PROBLEM REQUIREMENTS - Return exactly the lines from the one containing "The Industrial Gear" through the last line of the records below, both included, and leave out any pictures.

[AVAILABLE DATA Boundary: Start]

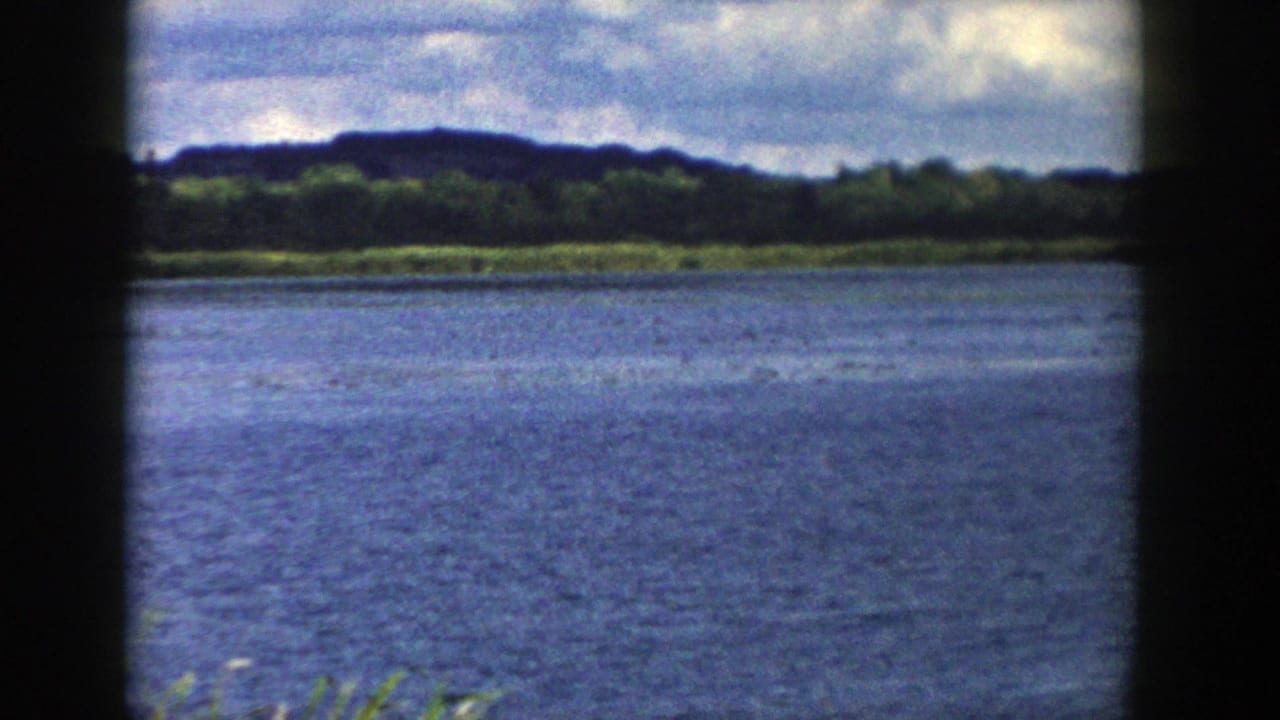 1958 Wisconsin home-movie view across a blue lake toward a tree-lined shore and low dark hill.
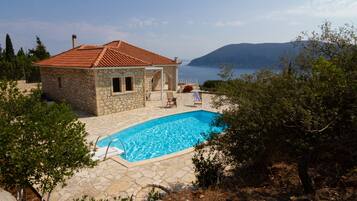 A stone house with a tiled roof, a swimming pool, and a view of the sea.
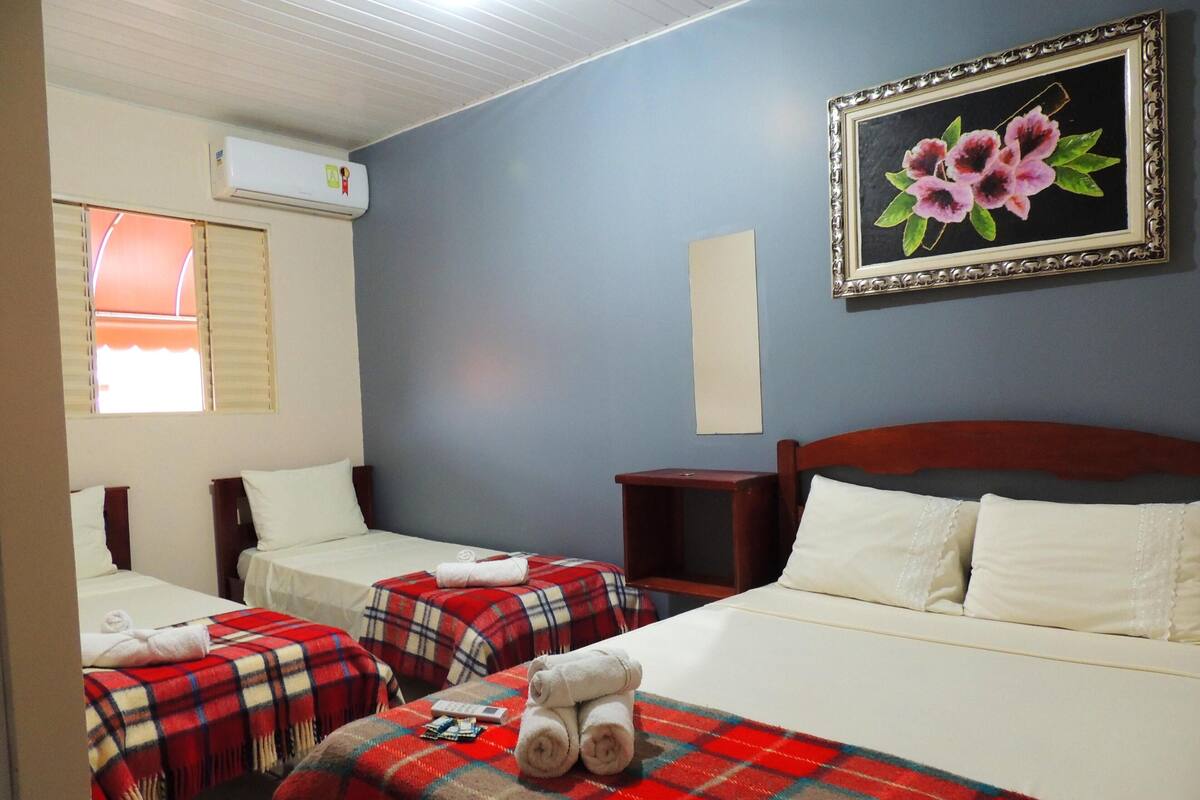 A hotel room with two beds, a red and blue checkered blanket on one bed, a painting of flowers on the wall, and an air conditioning unit.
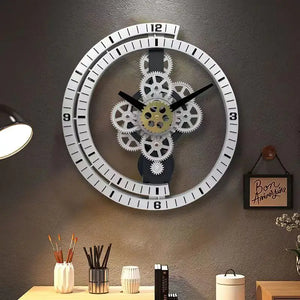 The Industrial Gear Wall Clock, showcasing its visible gears and exuding an industrial aesthetic, is mounted on a gray wall above a desk adorned with a lamp, pencils, and decorative items.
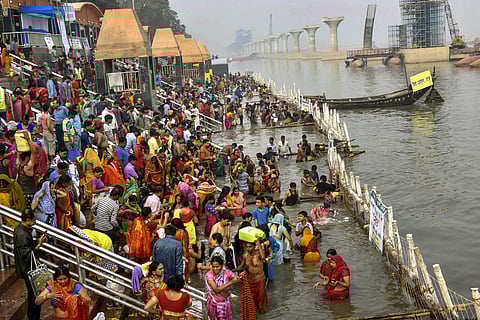 Devotees take a holy dip in the Ganga river during Nahay Khay Puja of the Chhath Puja festival in Patna. (Photo | PTI)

[AVAILABLE DATA Boundary: End]

EXERCISE SOLUTION -
 The Industrial Gear Wall Clock, showcasing its visible gears and exuding an industrial aesthetic, is mounted on a gray wall above a desk adorned with a lamp, pencils, and decorative items.
 Devotees take a holy dip in the Ganga river during Nahay Khay Puja of the Chhath Puja festival in Patna. (Photo | PTI)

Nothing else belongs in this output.